The cloud-based micro-irrigation system was combined with localised weather forecasts and other inputs from the farmers were used to create an effective irrigation system.
Martin Scherfler from Auroville Consulting, who oversees the project, said that they worked closely with farmers to devise this system.
“We factored the local irrigation practices – the amount of water required for the crop type, the consumption during the crop’s lifecycle and factor in the weather forecasting and local climatic conditions.
The result – imagine a micro controller in the field, which switches on and off, depending on the irrigation requirement, based on a schedule developed in collusion with the farmer, in addition to recommendations from theoretical water balancing models,” Scherfler said.

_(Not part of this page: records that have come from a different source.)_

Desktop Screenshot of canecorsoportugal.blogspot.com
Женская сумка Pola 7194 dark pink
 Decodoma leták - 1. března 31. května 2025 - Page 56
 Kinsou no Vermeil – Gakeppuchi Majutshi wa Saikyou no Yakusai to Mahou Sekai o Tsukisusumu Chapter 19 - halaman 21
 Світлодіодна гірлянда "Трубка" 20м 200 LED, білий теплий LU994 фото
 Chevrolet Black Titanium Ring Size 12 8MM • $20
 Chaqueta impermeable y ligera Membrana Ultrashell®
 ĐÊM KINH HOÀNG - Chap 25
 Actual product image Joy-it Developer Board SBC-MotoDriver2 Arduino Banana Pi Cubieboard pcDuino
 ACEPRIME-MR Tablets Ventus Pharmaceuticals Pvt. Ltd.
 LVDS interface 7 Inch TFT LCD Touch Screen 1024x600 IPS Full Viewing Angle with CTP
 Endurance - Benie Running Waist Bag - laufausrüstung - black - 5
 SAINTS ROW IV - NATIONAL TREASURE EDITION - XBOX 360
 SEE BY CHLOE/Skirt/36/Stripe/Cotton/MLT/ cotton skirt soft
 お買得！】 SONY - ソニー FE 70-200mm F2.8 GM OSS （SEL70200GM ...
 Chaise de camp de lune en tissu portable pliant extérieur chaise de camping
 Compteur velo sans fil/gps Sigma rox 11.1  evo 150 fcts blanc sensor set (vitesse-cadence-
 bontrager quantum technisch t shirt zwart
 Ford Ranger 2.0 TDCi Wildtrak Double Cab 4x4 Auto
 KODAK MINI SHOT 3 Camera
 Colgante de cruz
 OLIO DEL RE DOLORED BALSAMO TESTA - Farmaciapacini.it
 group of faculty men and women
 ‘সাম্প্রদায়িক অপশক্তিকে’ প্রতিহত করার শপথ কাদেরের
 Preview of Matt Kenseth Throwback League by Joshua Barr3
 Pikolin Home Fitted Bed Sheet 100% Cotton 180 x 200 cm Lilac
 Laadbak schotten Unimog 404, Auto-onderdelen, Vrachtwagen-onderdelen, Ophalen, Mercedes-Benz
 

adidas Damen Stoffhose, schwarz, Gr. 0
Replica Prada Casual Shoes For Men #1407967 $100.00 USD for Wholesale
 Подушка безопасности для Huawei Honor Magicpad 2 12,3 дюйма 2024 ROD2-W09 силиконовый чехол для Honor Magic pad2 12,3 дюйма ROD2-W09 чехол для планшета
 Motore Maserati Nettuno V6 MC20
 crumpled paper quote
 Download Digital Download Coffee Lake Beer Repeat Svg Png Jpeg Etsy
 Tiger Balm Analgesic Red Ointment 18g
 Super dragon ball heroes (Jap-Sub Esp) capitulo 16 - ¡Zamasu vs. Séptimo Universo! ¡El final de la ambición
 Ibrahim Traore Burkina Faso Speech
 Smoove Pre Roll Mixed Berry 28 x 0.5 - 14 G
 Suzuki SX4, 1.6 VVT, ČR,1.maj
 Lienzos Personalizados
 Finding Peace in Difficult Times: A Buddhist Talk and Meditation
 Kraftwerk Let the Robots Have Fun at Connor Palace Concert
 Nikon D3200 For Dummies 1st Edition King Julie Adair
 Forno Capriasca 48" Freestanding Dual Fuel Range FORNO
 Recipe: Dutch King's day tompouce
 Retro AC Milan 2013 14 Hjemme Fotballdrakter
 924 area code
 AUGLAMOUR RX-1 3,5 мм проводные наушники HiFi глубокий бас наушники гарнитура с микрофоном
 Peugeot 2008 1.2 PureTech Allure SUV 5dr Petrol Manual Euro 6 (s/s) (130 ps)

He added that the project removes the need for costly hardware, and creates a more affordable, cloud-based solution for smart irrigation. Eight vegetables – lady’s fingers, lettuce, basil, basella, pumpkin, corn, rocket and long beans – have been grown with little use of water and energy.
Professor Eddie Owens, director of Heriot-Watt University’s Energy Academy and leader of the SCORRES project, said, “Our irrigation system reduced water and energy use by up to 80%, and in some of the trials the crop yield doubled, enabling farmers to grow bigger vegetables and fruits, faster.”